What you give back from the listing below should be an exact copy of the lines from the one with "NK Bremseslange 8523135" down to the one with "[HK Warehouse] Apple", and it should contain no pictures.

Task data

***

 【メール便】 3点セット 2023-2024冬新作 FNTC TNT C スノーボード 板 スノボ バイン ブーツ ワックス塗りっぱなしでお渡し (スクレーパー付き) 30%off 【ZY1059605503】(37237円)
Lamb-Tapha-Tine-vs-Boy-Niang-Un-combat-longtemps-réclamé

***

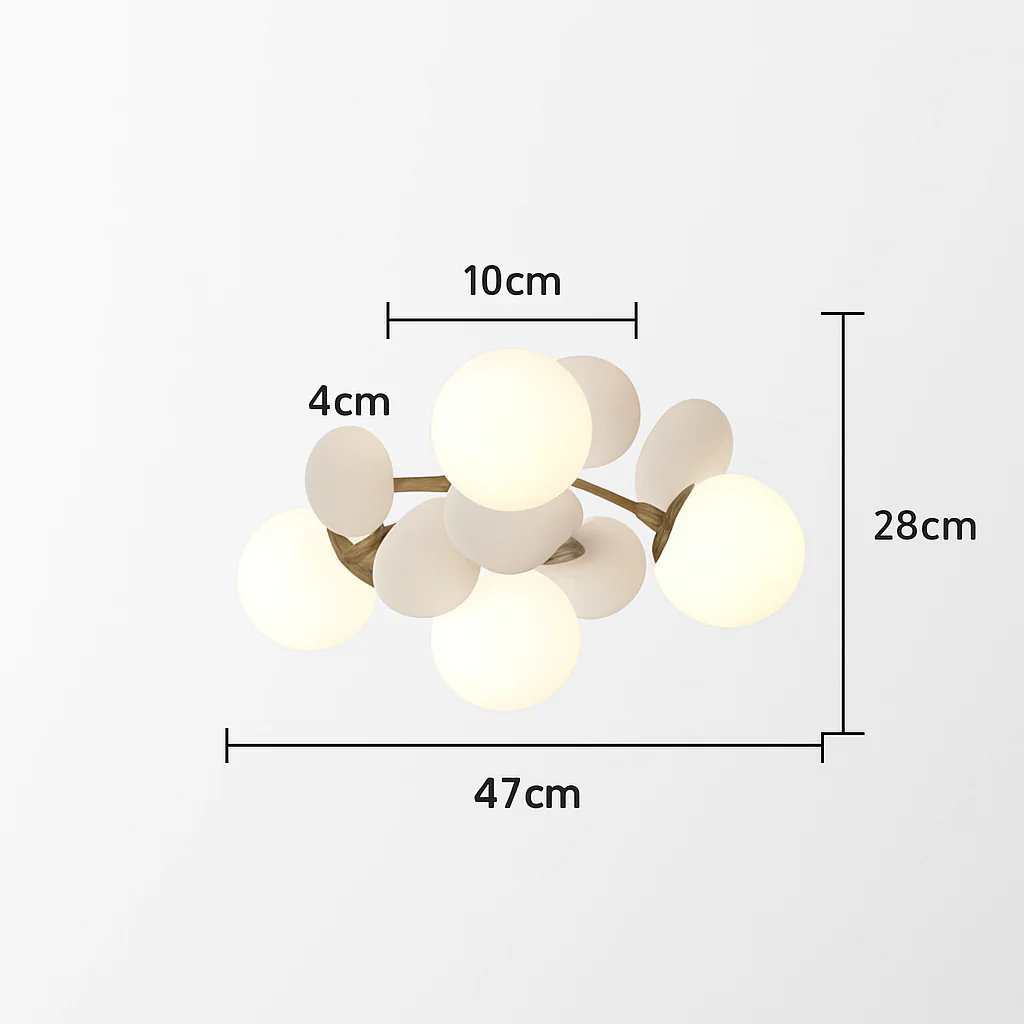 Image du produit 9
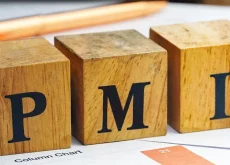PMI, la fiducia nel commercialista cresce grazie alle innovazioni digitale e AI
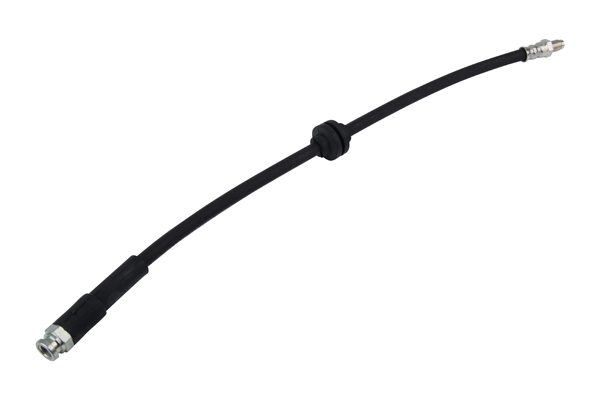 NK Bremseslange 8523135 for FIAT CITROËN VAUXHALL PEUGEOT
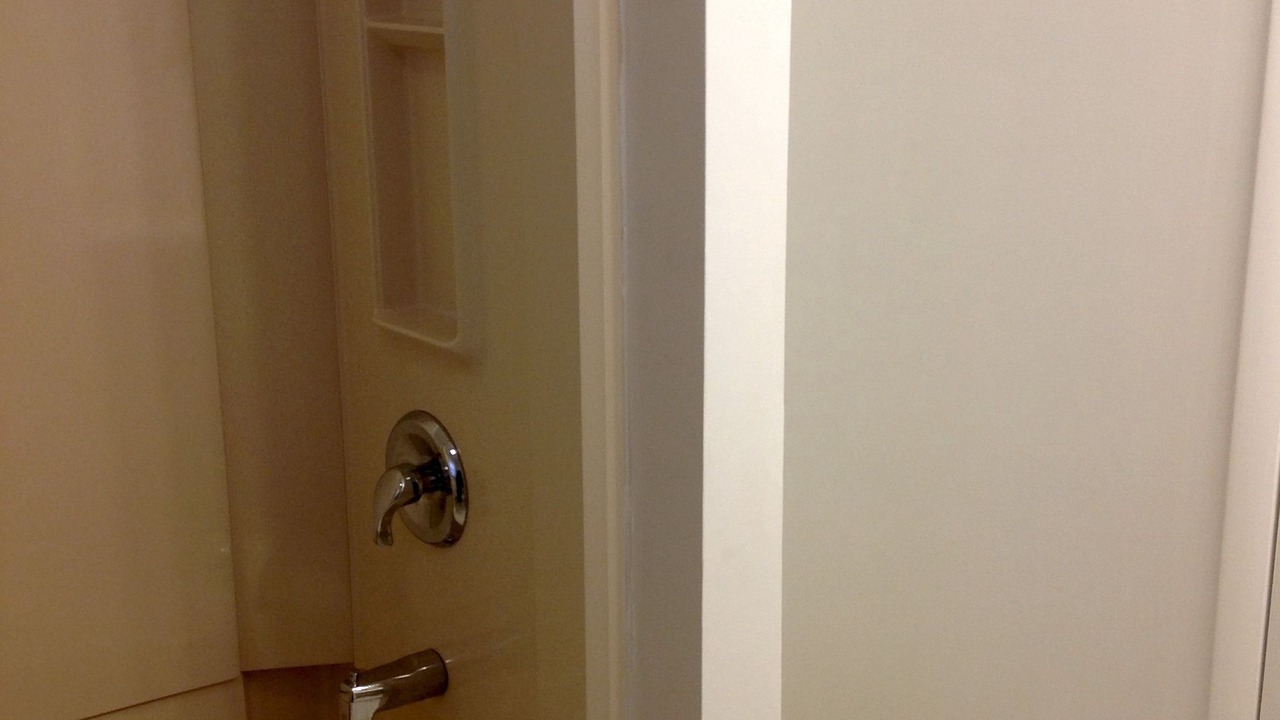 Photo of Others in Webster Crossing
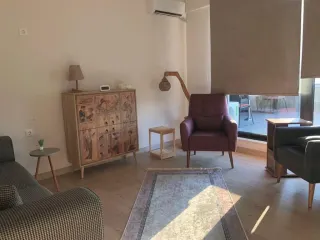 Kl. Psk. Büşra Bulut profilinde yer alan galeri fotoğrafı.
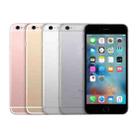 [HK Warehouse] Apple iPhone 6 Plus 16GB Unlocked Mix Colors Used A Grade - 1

***

Result for this task
 NK Bremseslange 8523135 for FIAT CITROËN VAUXHALL PEUGEOT
 Photo of Others in Webster Crossing
 Kl. Psk. Büşra Bulut profilinde yer alan galeri fotoğrafı.
 [HK Warehouse] Apple iPhone 6 Plus 16GB Unlocked Mix Colors Used A Grade - 1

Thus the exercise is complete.